Banking
UBA Total Assets Grow 9.4%, Repositions Balance Sheet for Sustainable Growth
Africa’s Global Bank, United Bank for Africa (UBA) Plc has announced its audited financial results for the year ended December 31, 2025, recording total assets growth of 9.4 per cent to N33.2 trillion up from N30.3 trillion at the end of 2024, alongside an 11.8 per cent increase in custom er deposits from N24.3 trillion in 2024 to N27.2 trillion.
The results released to the Nigerian Exchange Limited on Friday, showed that the Group also delivered strong gross earnings of N3.09 trillion from N3.19 trillion recorded the previous year.
Although recording a slight drop in gross earnings, the performance was still strengthened by resilient core business fundamentals and a diversified PanAfrican footprint, even as the year reflected a strategic repositioning of its balance sheet for sustainable long-term growth.

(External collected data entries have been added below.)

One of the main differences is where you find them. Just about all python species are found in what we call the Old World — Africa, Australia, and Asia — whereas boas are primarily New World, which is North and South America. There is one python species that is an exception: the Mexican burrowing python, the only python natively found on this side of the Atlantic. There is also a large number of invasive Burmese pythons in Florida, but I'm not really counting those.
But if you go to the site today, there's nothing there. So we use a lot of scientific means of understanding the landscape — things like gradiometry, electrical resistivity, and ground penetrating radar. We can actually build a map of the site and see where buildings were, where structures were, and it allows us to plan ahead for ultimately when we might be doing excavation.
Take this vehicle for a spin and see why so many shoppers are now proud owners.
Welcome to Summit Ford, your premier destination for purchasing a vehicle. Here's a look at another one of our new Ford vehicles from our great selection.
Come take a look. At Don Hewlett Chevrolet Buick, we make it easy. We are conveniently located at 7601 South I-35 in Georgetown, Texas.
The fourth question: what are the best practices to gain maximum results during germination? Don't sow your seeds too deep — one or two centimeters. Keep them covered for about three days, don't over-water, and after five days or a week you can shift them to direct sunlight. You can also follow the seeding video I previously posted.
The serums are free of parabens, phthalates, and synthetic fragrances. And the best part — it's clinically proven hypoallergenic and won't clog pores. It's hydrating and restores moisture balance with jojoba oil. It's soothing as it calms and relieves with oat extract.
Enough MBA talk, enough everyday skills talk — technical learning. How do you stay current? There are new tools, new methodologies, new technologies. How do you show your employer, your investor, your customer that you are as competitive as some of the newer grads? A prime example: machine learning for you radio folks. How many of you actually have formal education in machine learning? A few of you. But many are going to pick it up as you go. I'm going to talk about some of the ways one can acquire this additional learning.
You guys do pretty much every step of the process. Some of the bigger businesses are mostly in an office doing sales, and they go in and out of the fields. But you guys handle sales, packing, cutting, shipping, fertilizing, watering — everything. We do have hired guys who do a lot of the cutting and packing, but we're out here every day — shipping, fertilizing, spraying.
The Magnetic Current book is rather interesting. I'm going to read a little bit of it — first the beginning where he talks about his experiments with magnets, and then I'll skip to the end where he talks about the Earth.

Overall, the bank’s 2025 performance was impacted by prudent and forward-looking risk management decisions, including loan loss provisions of N331 billion and fair value changes on derivatives amounting to N278 billion.
These changes which are largely non-recurrent in nature, weighed on profitability but are not expected to recur at similar magnitudes in future periods.

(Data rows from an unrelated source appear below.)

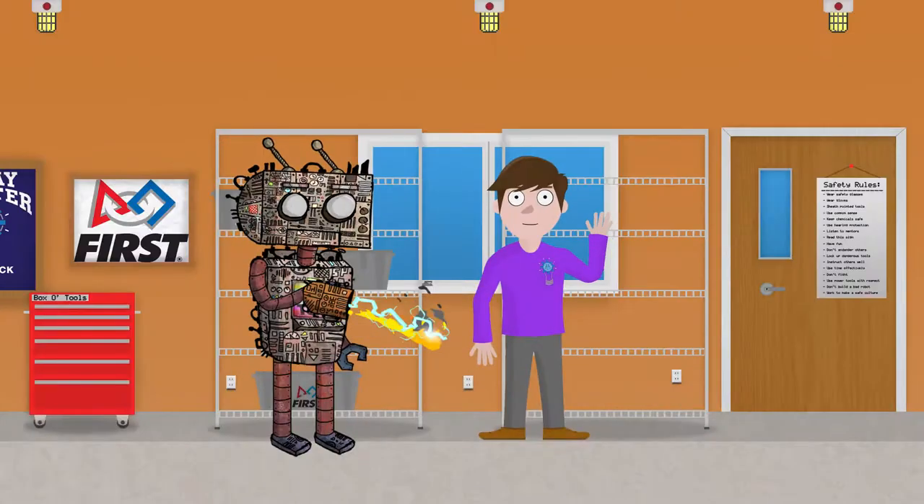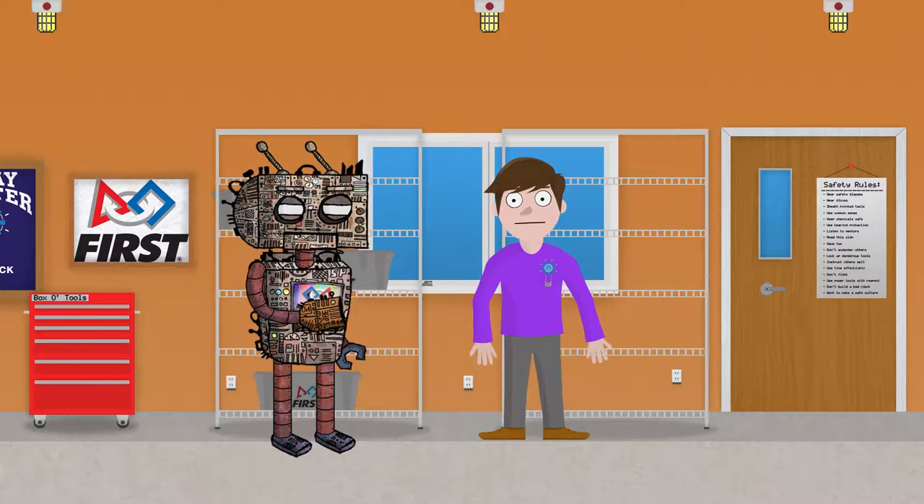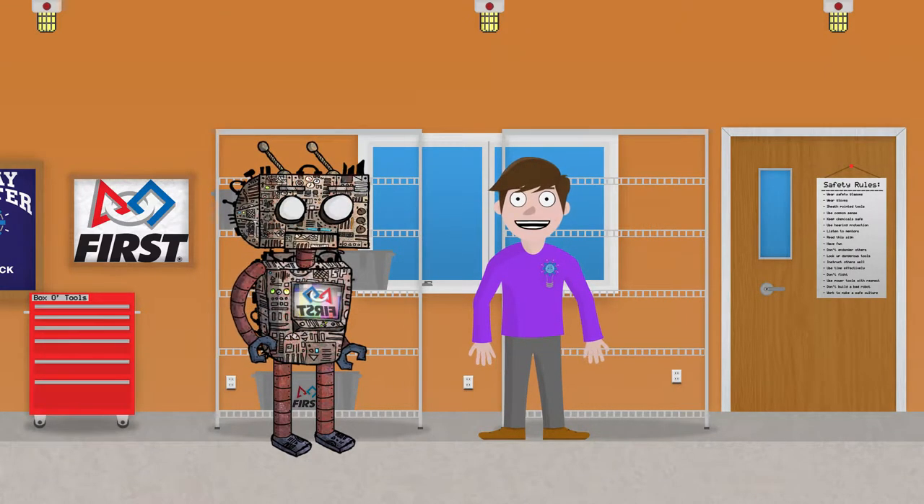First Robotics must create a culture of safety to function smoothly. Members of this culture help teach each other the rules of safe working and responsible engineering. Let's take a look.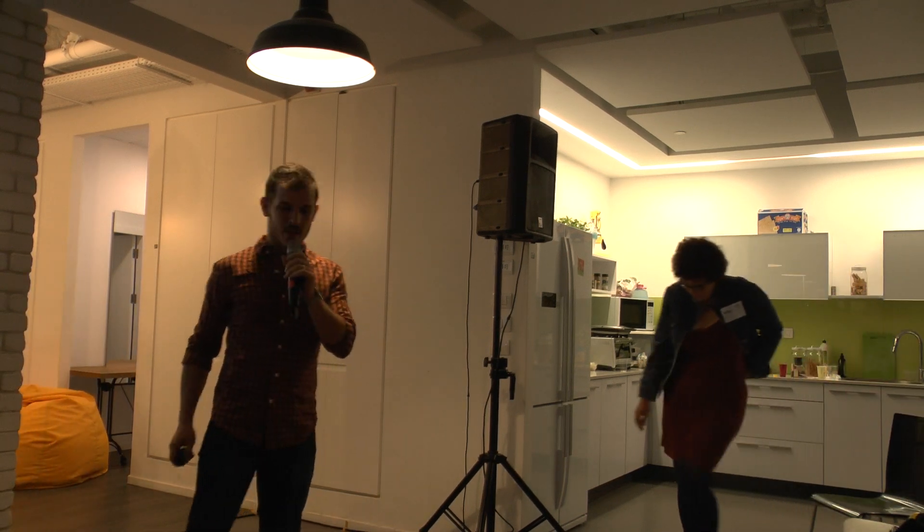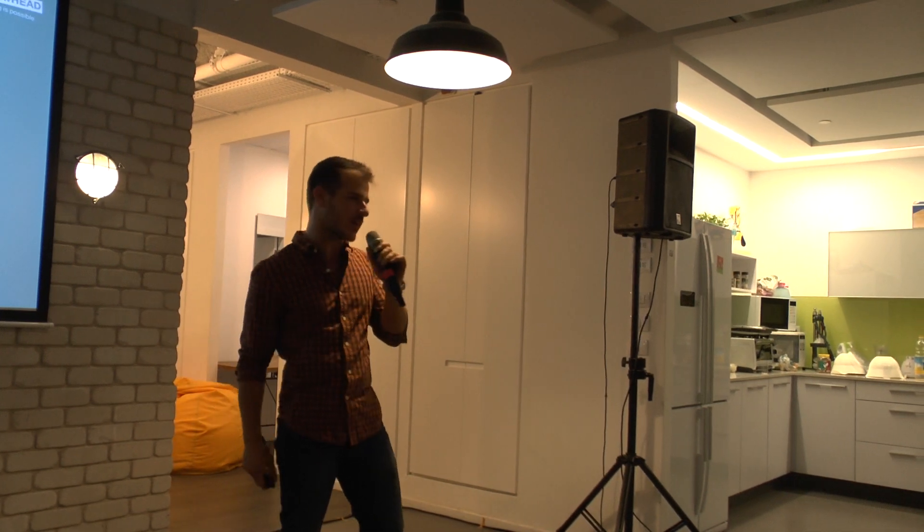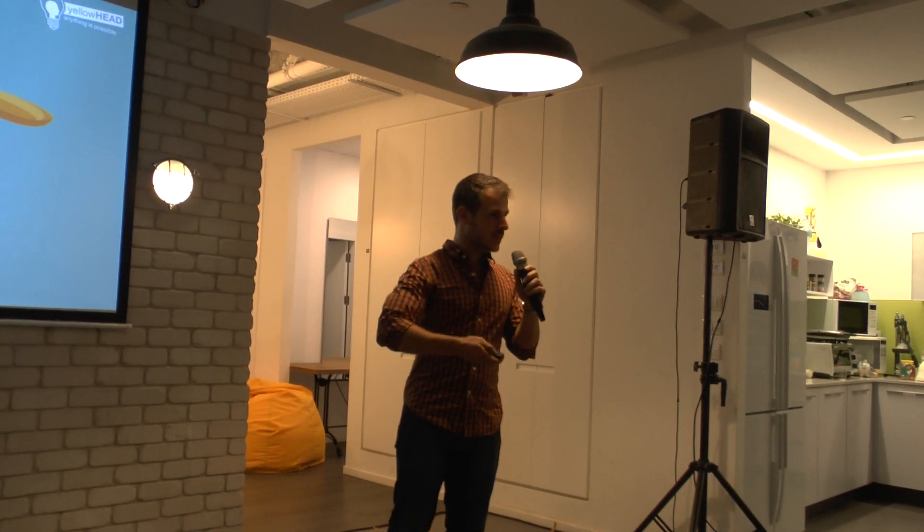I'm going to move on a little further. I'll talk about the mobile side of this story and a little bit about advanced applications. I know that we are already working on the library, but I want to move on to English because it's easier for me. I'm Yonatan, I'm from Yellowhead — we're a mobile performance marketing agency.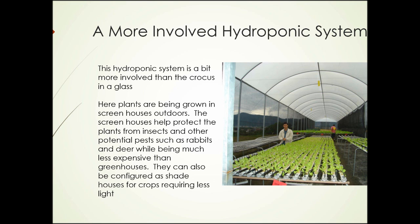Here's a little more involved hydroponic system. This system is growing plants in screen houses outdoors, which is different from greenhouse growing. The prevailing climate has an effect. The screens help protect the plants from insects and other potential pests such as rabbits and deer, while being much less expensive than putting up a greenhouse. They can also be configured as shade houses for crops requiring less light, or for those crops we might want to shade for some reason, such as blanching.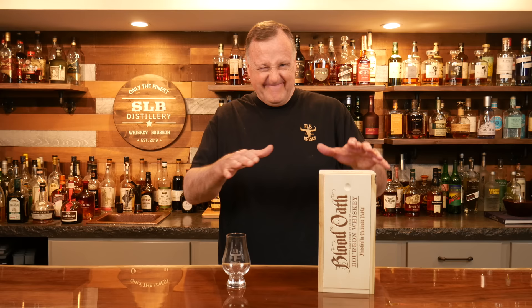Hey y'all, welcome to SLB Basement Bourbon Bar. My name is Curt. Look what we have on the bar top tonight.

Despite this, the Group maintained strong underlying performance, with operating profit exceeding N1 trillion before these exceptional items, highlighting the resilience of its core banking operations.

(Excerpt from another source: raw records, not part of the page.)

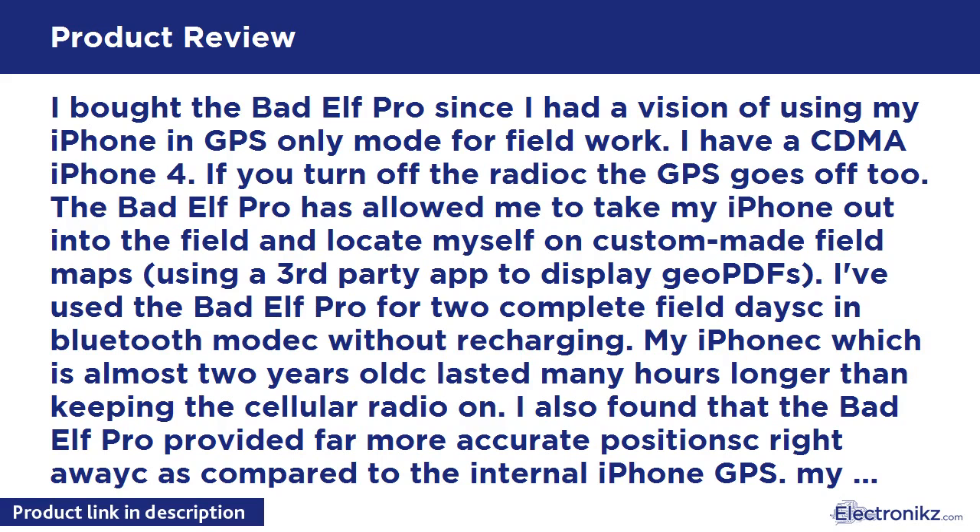My basic usage of the Bad Elf Pro is: data log track to know where I've been using my iPhone or back at the office, and to geotag photos from a quality stand-alone camera, and locate my present location on a custom map. An update on Feb 15, 2013 now has numbered points of interest, or waypoints. So now it is fully field capable — I can tie field notes, either entered via spreadsheet or an actual field book, to a point of interest and to a position on my data log track.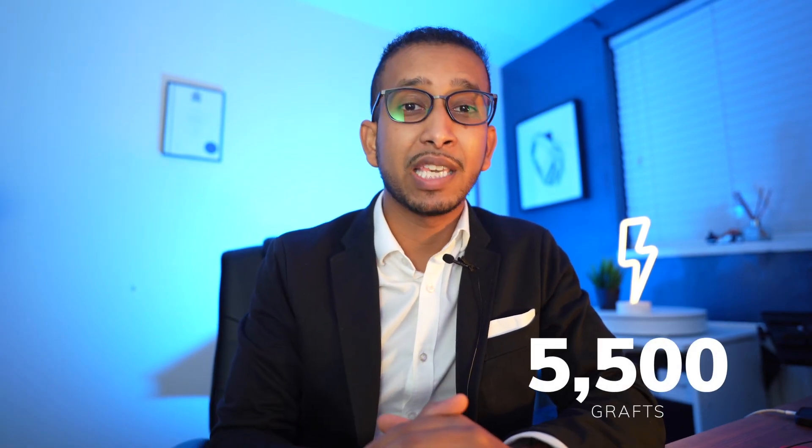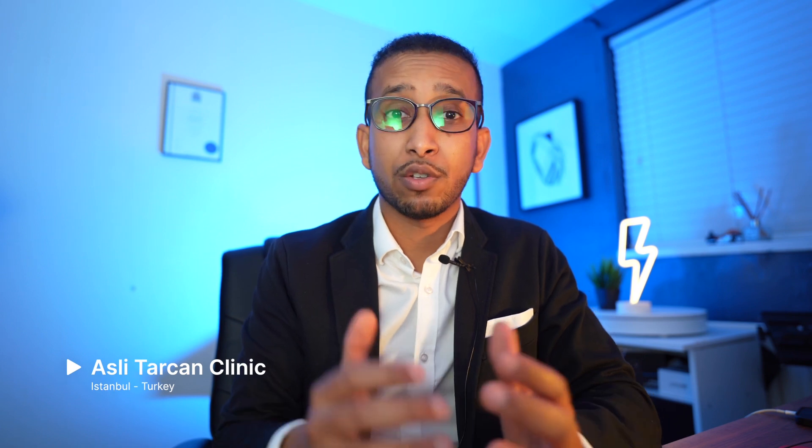For those who are new to this channel, I've had 5,500 grafts in Turkey — I'll leave a link in the description. I paid around £2,500, and that was around the beginning of the year. For those going now or in the future, prices will go up. The clinic I went to is called Ashley Turkin.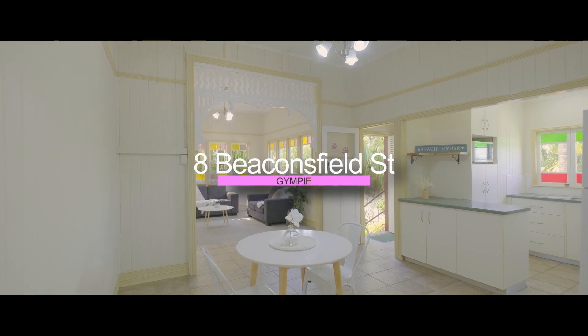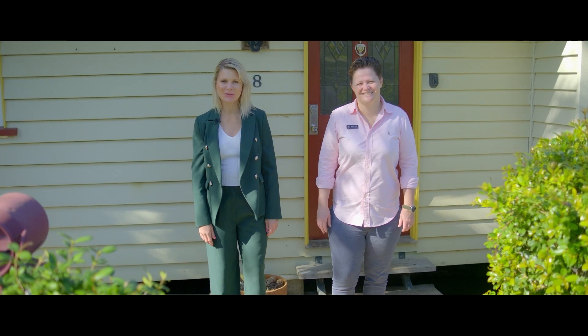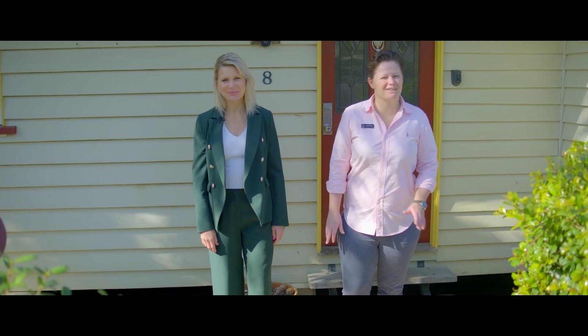Hi everyone, Tina and Steph from Anchor Realty. Welcome to 8 Beaconsfield Street — a cute character home with loads on offer.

A critical look at the performance showed that UBA’s capital position remained robust, with shareholders’ funds rising to N4.25 trillion in 2025; up from N3.42 trillion the previous year, with share capital and premium hitting N505 billion following a very successful rights issue.
The Group’s capital adequacy ratio of 23.2 percent provides a solid foundation to support future growth, just as the Bank has also strengthened its recovery efforts, with a fortified recovery team aggressively pursuing delinquent exposures, ensuring that recoveries will positively impact earnings from full year 2026 and beyond.